O protagonista não tem o mínimo problema em devolver os ataques que recebe. Com graça e classe que nunca seriam atribuídos a gente como ele, sem partir para a violência em um impulso descontrolado no primeiro sinal de provocação. Ouve-se muito e ignora-se muito até o roteiro inteligentemente inverter a situação de novo e apresentar novas ameaças que deixam as verbais de lado, mas nunca esquecidas. “Hombre” destaca-se pelo retrato de seus personagens sem seguir clichês de gênero para além das convenções mais básicas. A cena mais tradicional é um assalto a mão armada e só. Nunca poderia fazer críticas contra a originalidade aqui. Moralidade, embora objeto freqüente de discussão no gênero, ganha renovado significado em um rol de personagens de várias faces.
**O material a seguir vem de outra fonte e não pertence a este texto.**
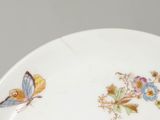 a plate with a butterfly and flowers painted on it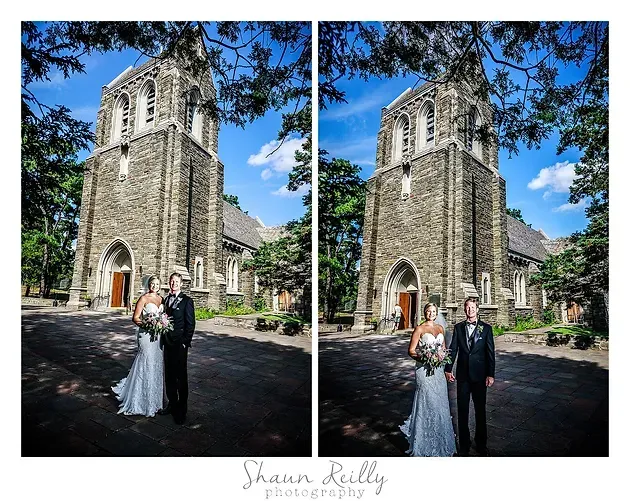 Wedding couple posing outside a stone church beneath blue sky and tree branches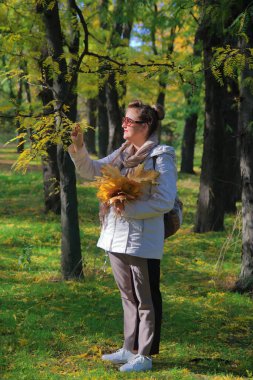 Fotoğraf Odessa Parkı 'nda çekildi. Dyukovsky Bahçesi. Resimde, bir buket sarı yapraklı genç bir kadın bir ağacın dallarındaki yaprakları inceliyor..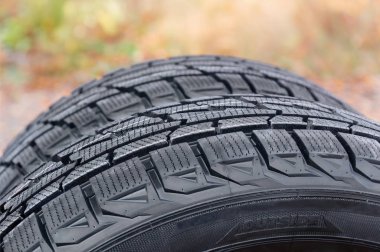 Araba lastikleri ile bulanık bir arka plan üzerinde asimetrik lastik parçası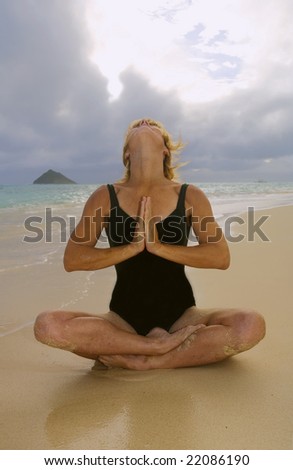A fifty year old woman doing yoga and meditation on the beach by the ocean in Hawaii at daybreak.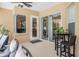 Charming outdoor patio with stylish seating, high-top table, and access to the home's interior at 2026 Indian Sky Cir, Lakeland, FL 33813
Se há algo como pessoas boas e más, os conceitos perdem um pouco o sentido em “Hombre”. Arrisco dizer que esse é um faroeste que chega muito perto de poder ser chamado de realista. Nem mesmo a violência é tão simples como atirar e o alvo já cair morto. Sequer existe alguém mais rápido que o vento no mundo. O suposto herói tem algo a ganhar em seus atos, outros escondem covardia e incapacidade em palavras bonitas e assim nasce uma moeda de troca chamada interesse. Antes até poderia haver heróis e vilões, um mundo sem lei desafiado por alguns poucos movidos pelo altruísmo, pelo dever, pela honra e pela coisa certa a se fazer. Muito do que se conhece sobre o Velho Oeste é desafiado nesse surpreendente trabalho de Martin Ritt novamente em parceria com Paul Newman, que dessa vez abre mão de muito do charme de “Hud” e “Cool Hand Luke” para conservar uma parcela ínfima e não cair no cinismo completo.
Os últimos faroestes que vi foram um pouco decepcionantes no sentido de nenhum entrar para os melhores. Vários foram apenas bons, decentes sem corresponder à expectativa criada quando vi tantos elogios sobre eles em outros lugares. Talvez eu estivesse desiludido, por isso não esperava que “Hombre” se mostrasse excelente a ponto de marcar lugar em uma das posições mais altas da lista. Um faroeste revisionista reavaliando a imagem dos nativo-americanos no gênero e fazendo um ótimo trabalho nisso, favorecendo o argumento enaltecedor e o aplicando com maestria na história a despeito da falta de atores indígenas, cuja falta pode ser sentida por alguns espectadores. Sempre melhor um roteiro com cenas como a do cachorro do que mil participações no elenco preenchendo exigências.